死者の言葉〜最期のメッセージ〜
朝子が遺体を見つめる。

「三人はコートなどを着込んだ状態で発見された。××県は雪が降らない。自然に凍死は考えられないな」と如月刑事が言う。

「ということは、霧島先生を誘拐した犯人がこの三人を殺害した可能性があるということですよね」と原刑事も言う。

犯人に解剖結果を知らせるため、正人はマスコミに事件を発表することを決めた。

「藍さん、無事でいてください」

大河はポツリと呟いた。



藍は、ぼんやりと窓の外から見える空を眺めていた。拘束され、ただただ暇な時間が過ぎていく。

「夕食だよ」

ドアが開き、睦月圭が入って来た。彼は藍に食事を持って来たり、トイレに連れて行く以外は部屋に入って来ない。拘束しているため、逃げられる心配がないからだろうか。
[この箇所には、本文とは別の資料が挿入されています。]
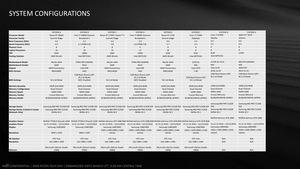 AMD RYZEN Tech Day Press Deck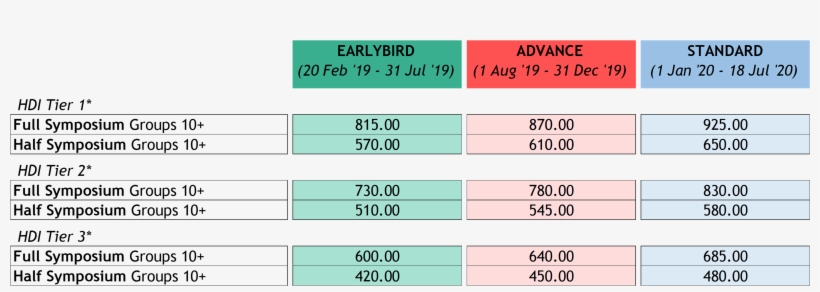 Registration Fees, transparent png download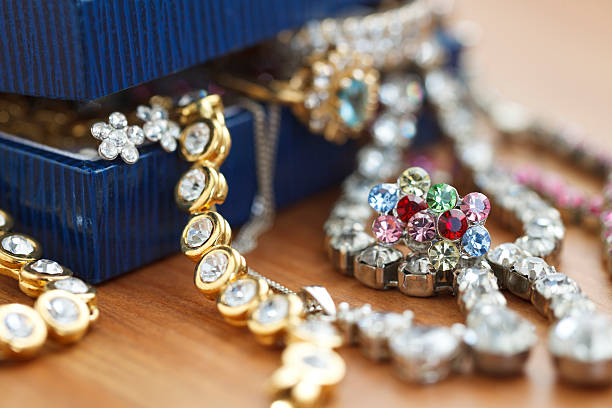 Kode KBLI 32120 Industri Perhiasan Imitasi dan Barang&nbsp;Sejenis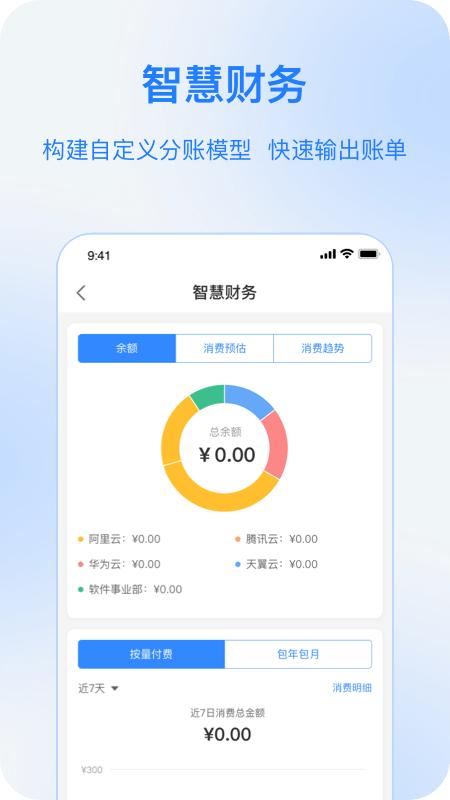 itqm app官方版下载,itqm,云资源管理app,it行业app
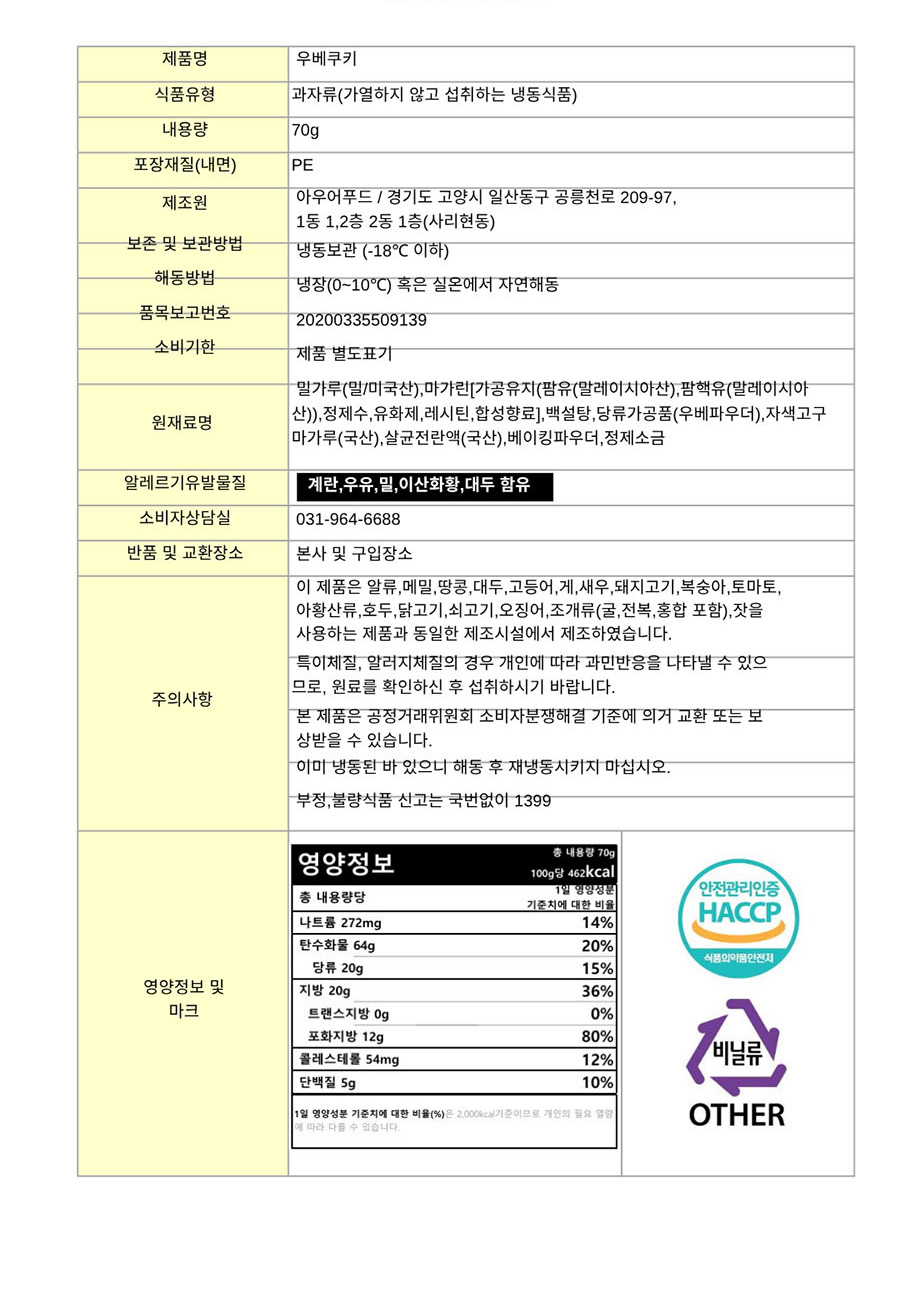 상품정보제공고시
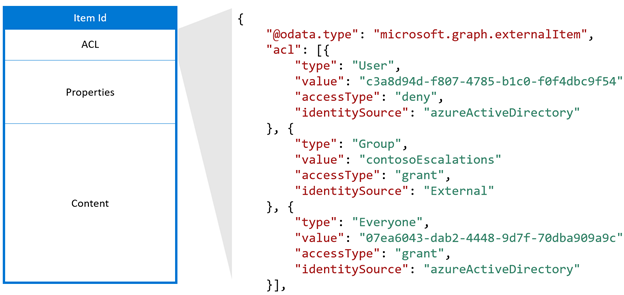 An example access control list.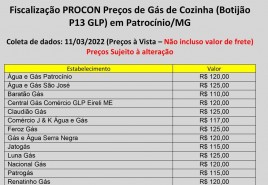 Procon Municipal divulga pesquisa de preços de botijão de gás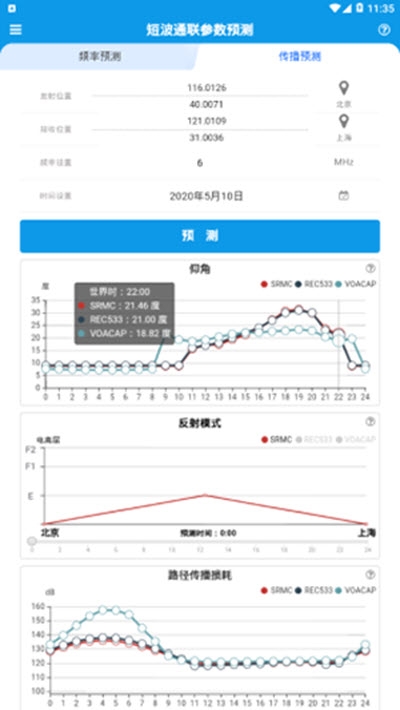 短波预测软件1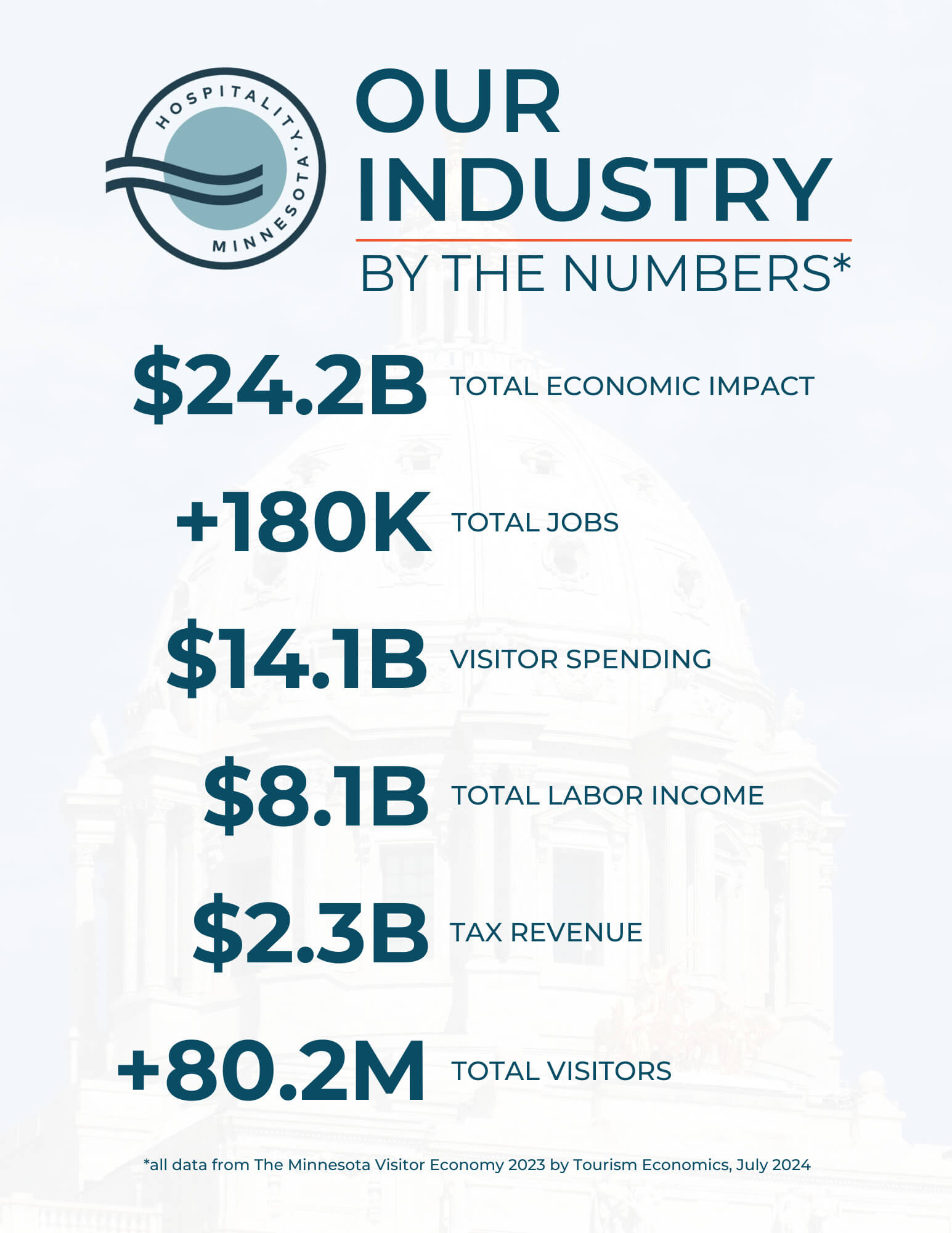 2025 Legislative Priorities - Back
「おでんを作ってみたよ。霧島先生は和食の方が好きなんだよね?」

「なぜそんなことを?」

「どんな人なのかずっと見ていたから。あなたが裁判をした時も、傍聴席で聞いていたんだよ」

ずっと知らぬ間に見られていたということにゾッとする藍に笑いかけ、睦月圭は温かいこんにゃくを藍の口元に持っていく。